A handful of bills would be given funding extensions until December, and another until January under that plan, with the hope that House conservatives would finish hammering out differences on the legislation with the Democrat-led Senate to produce the final versions of the spending measures by the respective deadlines.
“The other alternative is a CR that would go into January with certain stipulations but again, I’m not going to show you all the cards right now,” Mr. Johnson said.
Mr. Johnson will have to contend with members of his own conference that have vowed to never vote for a short-term spending bill, and who voted against the two previous stopgap bills brought by then-Speaker Kevin McCarthy, California Republican.
Some are warming to the idea of accepting a stopgap bill because Mr. Johnson has been thrown into an “emergency situation” after the three-week scramble to replace Mr. McCarthy, who was ousted because he needed House Democrats to pass his “clean” stopgap bill.

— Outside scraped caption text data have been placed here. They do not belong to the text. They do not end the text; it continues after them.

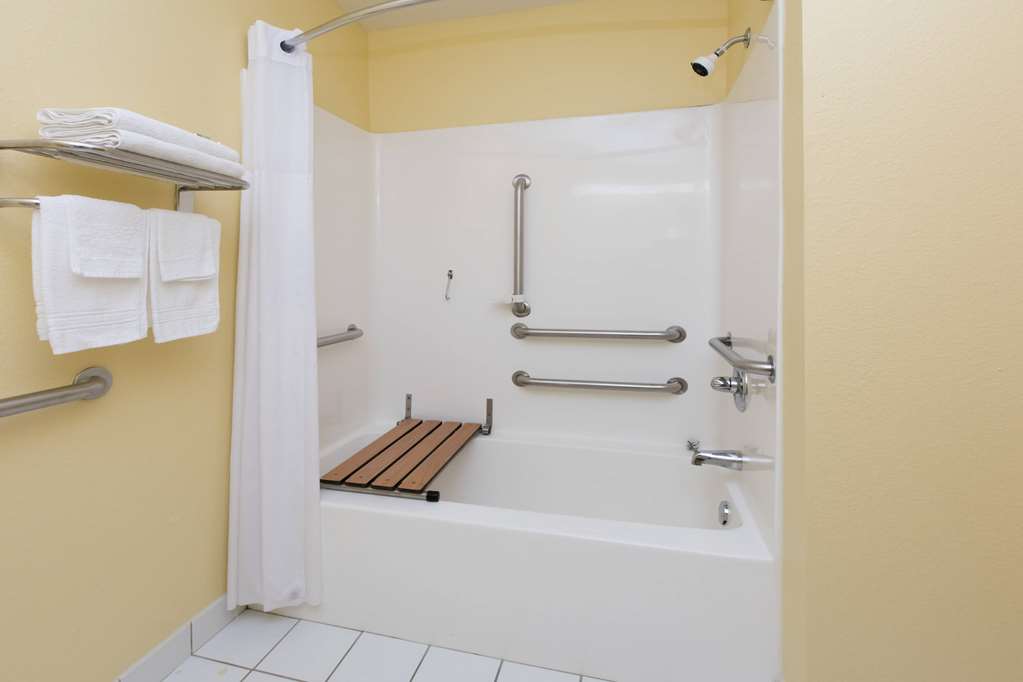 Days Inn & Suites by Wyndham Pryor - photo 12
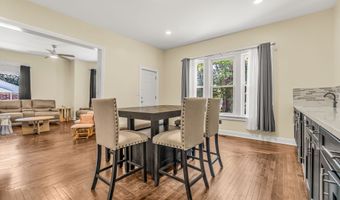 19 Lester St, Ansonia, CT 06401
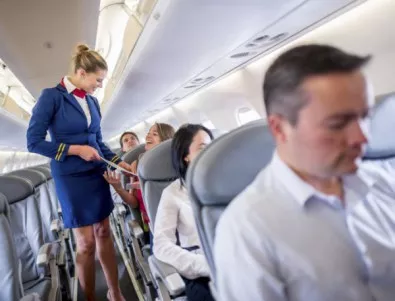8-те най-дразнещи неща, които правят пътниците по време на полет 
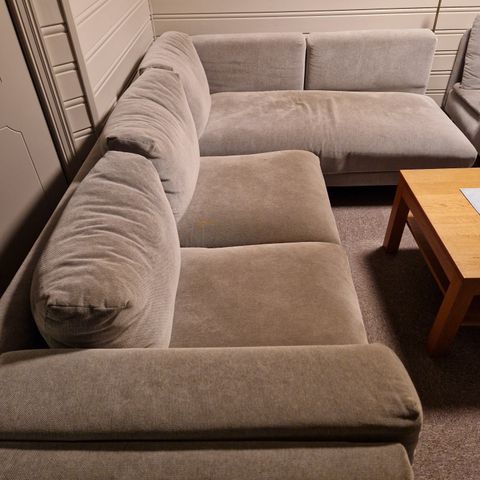 3-sofa m/sjeselong fra IKEA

Rep. Tim Burchett, Tennessee Republican who voted against both stopgap attempts by Mr. McCarthy and voted to boot the former speaker, said that he could support a stopgap bill with U.S./Mexico border security policy and “real cuts” in spending.
He said he wouldn’t support a stopgap just because Mr. Johnson is in a jam.
“No I’m not,” Mr. Burchett said. “I’d like to see the details of it. I mean, I never say never, but I would like to see the details.”
Another stopgap holdout, Rep. Andy Ogles of Tennessee, told The Washington Times that because of the time crunch, lawmakers will be forced to pass a short-term funding bill that takes Congress through Christmas.
Mr. Ogles said that he would consider supporting a laddered approach if it included border security and a debt commission — a concept broached by Mr. Johnson that would examine how to combat the growing national debt.
“We’ve got to at least get to January and that’s coming from someone who’s a ‘never CR’ guy, but we’re in a jam,” Mr. Ogles said. “The holidays are coming, if we don’t appropriate through Christmas, we’re in trouble.”